If you really want to pass the array by reference, you can do so:
void f(int (&a)[2][3][4]) { }
In C, which doesn't have references, you can pass the array by pointer (this works in C++ too, of course):
void f(int (*a)[2][3][4]) { }
C++:
void f(int (&array)[2][3][4])
{
}
C: There are no references in C
Note that no matter how you pass the array, via reference or not, the array is not going to be copied, so you'll get the original pointer. You can pass this array also like this:
void f(int array[][3][4])
{
}
Thanks to everyone who participated in this! sskuce provided a very good solution, taking advantage of a "container". I had thought about this but didn't really like the extra stuff.
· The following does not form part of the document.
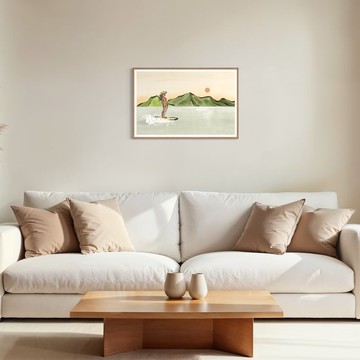 So good! 印刷畫作 牆壁裝飾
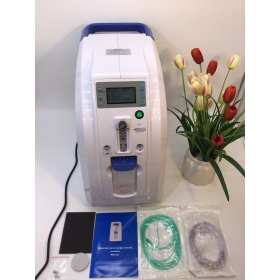 Máy tạo oxy 5 lít Yangxin - Có Xông Khí Dung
I realized after a little jumbling that James McNellis had given the answer all along. So... here's the solution I prefer with no containers and no indexes arithmetic (mind the parenthesis):
void Scope1()
{
int array[2][3][4];
Scope2(&array);
}
int (*pArray)[2][3][4];
void Scope2(int (*tpArray)[2][3][4]))
{
pArray = tpArray;
(*pArray)[0][0][0] = 3;
}
Thanks again to everyone.
Edit: I'm keeping my original answer below, as I believe it's necessary for folks to understand how arrays are actually passed to functions and how they're layed out in memory, but on further reflection I think there is a simple and correct way to get what you want done.
Encapsulate the array within a struct, e.g.
typedef struct ArrayHolderStruct{
int array[2][3][4];
} ArrayHolder
//...
//scope 1
ArrayHolder thingy;
thingy.array[0] = something;
//other initialization.
F( &thingy );
//...
//scope 2
ArrayHolder *pa;
void F ( ArrayHolder *p ){
pa = p;
p->array[0][1][2] = 42;
}
//Call F first to set pa.
void G(){
pa->array[0][1][2] = 6 * 9; // if pa = &thingy, thingy will be modified.
}
The struct will allow you to maintain layout information about the encapsulated array, and you don't have to worry about nasty index arithmetic.
-----OLD ANSWER-----
Passing a reference to an array is not useful, unless you want to change the size or layout of the array (which you can't do with statically sized arrays anyway). You'll get a reference (or pointer) to the elements of the array even if you pass the array by "value". That is to say, if you declare your function:
void f ( int a[2][3][4] ){
a[0][1][2] = 42;
}
and call it like f( array ) when f exits, array[0][2][2] will have been set to 42, even though you didn't pass a "reference" to array into the function.
If you want to save a pointer to the array for later use in a library function, etc, you could do something like:
//scope 2
int * pa;
void f ( int a[2][3][4] ){
pa = &a[0][0][0];
}
It gets tricky at this point - you have to know how pa is layed (laid?) out in memory. I think C has standardized on 'row major order', so the array should be layed out in memory like:
a[0][0][0] a[0][0][1] a[0][0][2] a[0][0][3] a[0][1][0] ... a[0][2][3] a[1][0][0] a[1][0][1]... a[1][2][3]
So, to get at an element at index [n][j][k], you have to do something like:
pa[n * 12 + j * 4 + k] = something;
Basically, multiply each index by the number of elements that can be referenced by an index of that order, e.g. each k index points to exactly one element given a fixed j and n index, each j index can point to 4 elements given a fixed n index, and each n index can point to one of 12 (because 12 = 3 * 4) elements.
Like I said, it's tricky. See the wikipedia articles on Array Data Structures and Row-major order to get a better understanding of how these things are layed out.